Comparing Scanned Documents Tips and Workarounds

Acrobat Pro includes tools that allow you to compare two PDFs to quickly spot the differences.

In Acrobat X Pro, the Document Comparison feature is available by choosing View>Compare Documents.

For a brief demonstration of this feature, click here.

Recently, I received an email from a law firm that was having trouble comparing two PDFs. The firm reported that during comparison, Acrobat couldn’t find any differences in the documents, even though visual differences were apparent during a visual inspection.

I was able to examine the documents and discovered that:

  1. The source documents were scanned documents
  2. One document was scanned in black and white. The other was scanned in greyscale.
  3. Documents were OCR’d

The difference in color space (black and white vs. greyscale) was enough to seriously affect Acrobat’s ability to detect changes. In effect, Acrobat saw these as being two completely different documents.

That’s probably a bug (I reported it), but we all still have a job to do. Fortunately, I was able to come up with a workaround.


Control the Scanning

When you can, make sure that scanned documents which need to be compared are scanned using identical settings.

That isn’t always possible if you receive documents from the other side or via the court. What to do?

ClearScan to the Rescue

Acrobat offers different "flavors" of OCR. The type used most frequently by legal professional is searchable image, sometimes referred to as "image+text". When Searchable Image OCR is performed on a scaned doc, the original scanned image is left in place in the PDF and an invisible layer of searchable text is added.

Acroat 9 introduced a new OCR option called ClearScan designed to enhance the quality of the document post-scan.

ClearScan works by turning the images which represent text characters on the page into smoothed vector outlines. Each character on the page is compared and all matching characters are replaced with a an outline character:

Original
ClearScan
800% View in Acrobat
300 dpi scan

You can read more about ClearScan in my article Better PDF OCR. ClearScan is smaller, looks better.

RE-OCRing using ClearScan

I found that running ClearScan OCR on the documents supplied to me by the customer, that Acrobat could then find difference in the text.

Since ClearScan is not the default type of OCR that Acrobat uses, many folks never discover it on their own.
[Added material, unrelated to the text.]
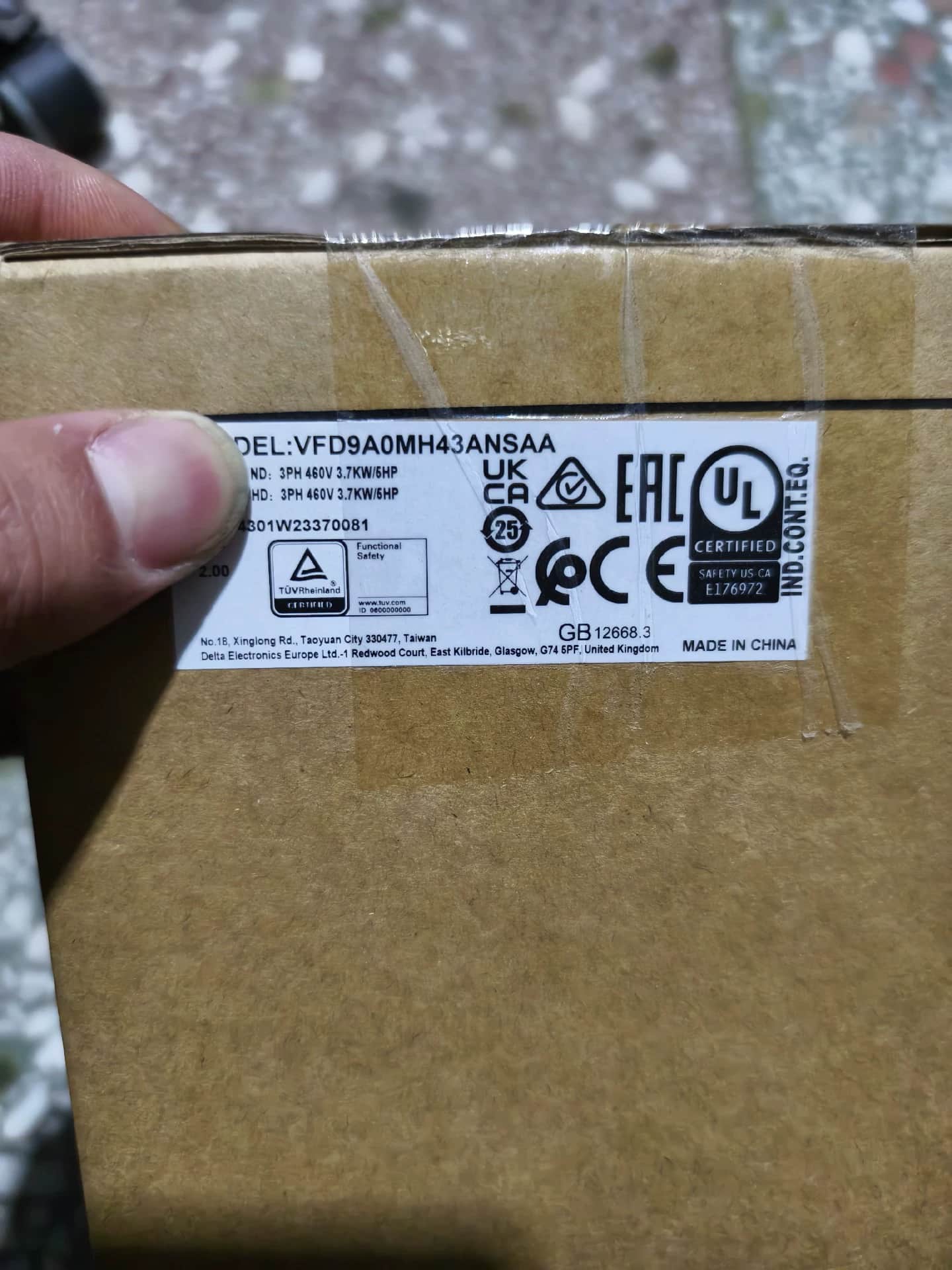 100% gloednieuwe originele en echte Delta VFD9A0MH43ANSAA 3.7KW frequentieomvormers Drive Servomotor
Here’s how to OCR using ClearScan in Acrobat X:

  1. Open the Tools Panel
  2. Go to the Recognize Text section and choose In this File
  3. The Recognize Text window appears. Click the Edit button:
  4. In the Settings window, choose ClearScan from the PDF Output Style menu, then click OK.
  5. Click OK again to OCR your document using ClearScan.

Caveats

Like some other choices in Acrobat, making the change above (Step 4) is a "sticky" setting. If you don’t want to use ClearScan the next time you OCR, you’ll need to remember to change it back. If you think you might occasionally want to use ClearScan, you might consider creating a quick Action which includes the ClearScan option.

ClearScan OCR has many benefits over traditional OCR (smaller file size, faster printing), but I do not reccomend using it in all legal workflows.

Because ClearScan changes the original scanned image, replacing it with a cleaner vector representation, you might potentially call into question the validity of your documents.

Finally, while you can Re-OCR an existing OCR’d PDF using ClearScan, you cannot revert back to the Searchable Image flavor later. For that reason, you might wish to duplicate the documents and work on a copy.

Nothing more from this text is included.